Artículo de Sergio Arancibia publicado en la edición digital de EL CLARÍN (Chile) el día 08 de septiembre de 2020.
Hay por lo menos toda una generación de chilenos que han nacido y se han criado, madurado e incluso se han muerto, en un contexto en que los equilibrios macroeconómicos se consideran uno de los objetivos más importantes de la política económica. Se incluyen en ese concepto el equilibrio entre ingresos y gastos en el presupuesto del sector público, el equilibrio entre ingresos y gastos en materia de intercambios con el exterior – que se reflejan en la balanza de pagos – y el equilibrio entre oferta y demanda de dinero – para efectos de que no haya asomo de inflación – e incluso se puede agregar el equilibrio entre los salarios, el consumo y la demanda agregada. Nadie puede negar la importancia de esas relaciones entre las variables económicas mencionadas, so riesgo de ser considerado un hereje y ser quemado en las modernas hogueras inquisitoriales.
Sin embargo, esos equilibrios no constituyen el principio y el fin de la política económica. Hay otros equilibrios que son tan importantes en el país como los equilibrios macroeconómicos. Nos referimos básicamente a los equilibrios sociales y a los equilibrios políticos.

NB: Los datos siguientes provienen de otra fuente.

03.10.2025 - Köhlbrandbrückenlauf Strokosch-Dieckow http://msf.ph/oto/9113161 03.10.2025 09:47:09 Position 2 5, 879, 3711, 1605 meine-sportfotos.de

En materia de equilibrios sociales nadie postula – aquí ni prácticamente en ninguna parte del mundo – que deba existir un reparto igualitario de la riqueza y de los ingresos, y de esa manera un reparto igualitario de los bienes y servicios de que dispone esa sociedad. Pero no hay razón alguna para que una sociedad exhiba tan brutales desigualdades en la distribución del ingreso como las que se presentan Chile, en que el 10 % más rico de los hogares capta un ingreso 39 veces más alto que el 10 % más pobre, según datos de la Encuesta Casen de 2017.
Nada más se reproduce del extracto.